A painter, printmaker and ceramic tile artist, George Johanson studied at the Museum Art School (now the Pacific Northwest College of Art) in Portland with further study in New York as well as London.

A major and beloved Pacific Northwest artist whose career spanned more than 70 years, George died Oct. 14, 2022 from heart failure at 94, leaving a huge hole in the Oregon art scene.

For anyone in central Oregon who is not familiar with George’s art, or for those who already admire his work or were blessed to know him, there is an opportunity to enjoy and celebrate an exhibit featuring works on paper at Art Adventure Gallery in Madras for the months of September and October.

Born in Seattle in 1928, George came to Portland at 17 to attend the Museum Art School, where he studied with leading regional figures such as William Givler, Louis Bunce, Jack McLarty, and Mike Russo.

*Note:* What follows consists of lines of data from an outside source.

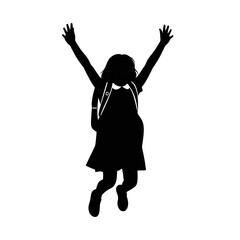 Silhouette of Happy Child Wearing Backpack Jumping on White Background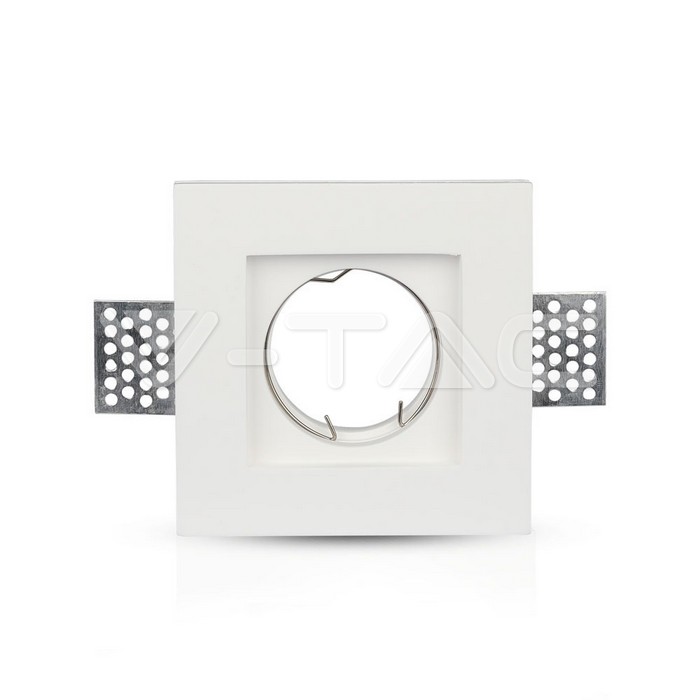 V-TAC 3651, GU10 Housing Square Gypsum White 100x100 mm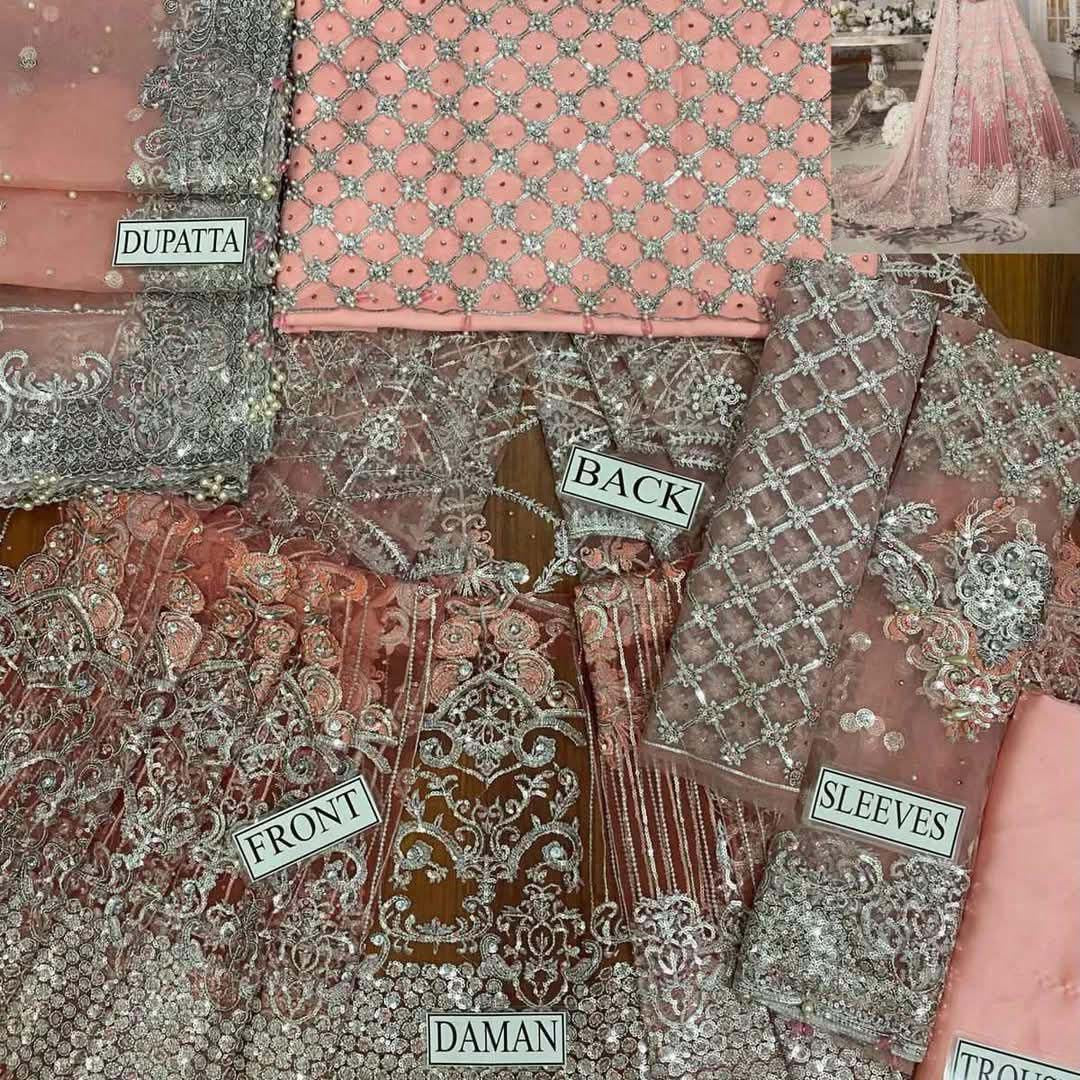 Maria B Net Frock 3-Piece with Embroidered Dupatta & Satin Silk Trouser Unstitched 2UP164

After a few years in New York in the early 1950s, Johanson returned to Portland where he taught at the Museum Art School for 25 years until his retirement in 1980, while he also built his own practice. He has had more than 60 one man shows and is represented in public and private collections including the Portland Art Museum, the Seattle Art Museum, the Smithsonian National Collection, in Washington, D.C. and the Victoria and Albert Museum in London, the Jordan Schnitzer Museum Of Art (University of Oregon), the Hallie Ford Museum of Art (Willamette University ), and numerous other public, corporate, and private collections.. He received the Oregon Governor’s Arts Award in 1992.

For Johanson Image-making wasn’t so much a profession as a raison d’etre. In Johanson’s words:

art is basic to being a human being and the more we have of it the better off we are … art is the most important thing in the world … it’s what we’re really here for, to be creative. To make something and look at the world and to interpret through art is the highest activity of human beings.